Не сразу Ленг понимает, что лицо не появилось само собой. Ни о чем таком он не думал. Не сразу оторвал взгляд от холста. Он писал скалы. Первый раз писал скалы. До этого на холсты ложились река, поселок. Ленг поднял глаза. Скалы висели на недосягаемой высоте. Обыкновенные скалы, в трещинах и буграх. Наверно, никто и не смотрел на них. И Ленг по приезде не всматривался. Но сейчас художник призвал всю зоркость. И второй раз за какую-нибудь минуту его пробрала дрожь. Среди сколов и выбоин, ржавых натеков он рассмотрел лицо: в крике разинутый рот, яростные глаза, подбородок, устремленный вперед. Ленг привстал на ноги. Забыв все — день, солнце, — всмотрелся. Нет, это не наваждение. Зажмурил глаза, открыл, лицо было!

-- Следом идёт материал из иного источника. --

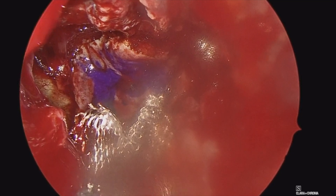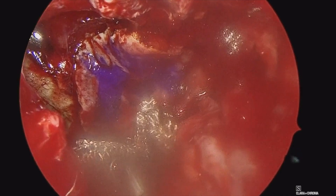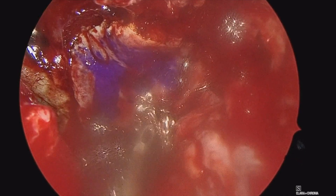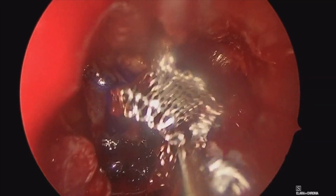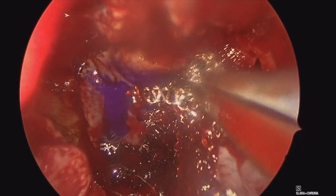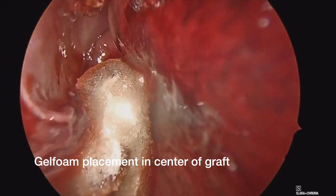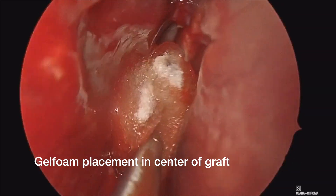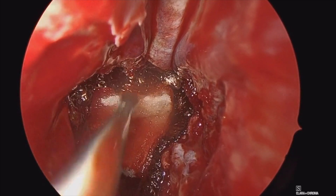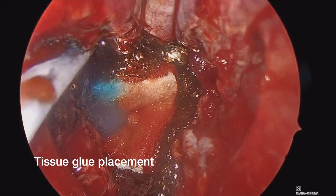Here we are placing some Surgicel in a picture frame fashion around the edges, as you can see here, to stick that edge of the graft down to the exposed bone circumferentially 360 degrees around the defect. After the Surgicel is placed, I tend to put one piece of gel foam directly in the middle of the graft to have a nice apposition and a little bit of pressure. And then I tend to use tissue glue, as you can see here, to come in and glue down the edges of the graft as well.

Оно было и на холсте. Тот же яростный крик, насупленные брови, морщины на лбу.

Ленг собрал краски, холсты, сложил мольберт и пошел по тропинке — ему было не по себе.

Тропинка поднималась среди ольшаника и грушевых деревьев. Поселок был на пригорке, оттуда на скалы открывался широкий вид. Но пока Ленг не подошел к домам, он не решался остановиться и оглянуться. А когда оглянулся, лицо было там же, в скалах, свирепое, с крупным носом.

Почему Ленг не разглядел его раньше? Смотрел не задумываясь. Отвел глаза, выкинул из головы мысль о лице. Посмотрел успокоенными глазами. Скопление пятен, трещин, кое-где прилепившийся к скалам кустарник… Нужно воображение, решил Ленг, сочетание света, красок. Нужен профессиональный взгляд.

Тотчас он увидел второе лицо — тупое, клыкастое, с мощной челюстью и упрямым лбом. Оно было расположено ниже, чем первое, и обращено в другую сторону — вниз по реке. Дальше, у входа в долину, Ленг рассмотрел еще три лица: строгое лицо воина с правильными чертами и прилепившиеся сбоку к нему два других лица, искаженных, наползавших одно на другое.

У них было три глаза: один глаз относился к обоим лицам…

Ленг отнес холсты и мольберт в дом, в котором квартировал, и пошел берегом реки вниз. К полудню на скалах он насчитал девять человеческих лиц… Вернувшись, Ленг стал ожидать Стешу.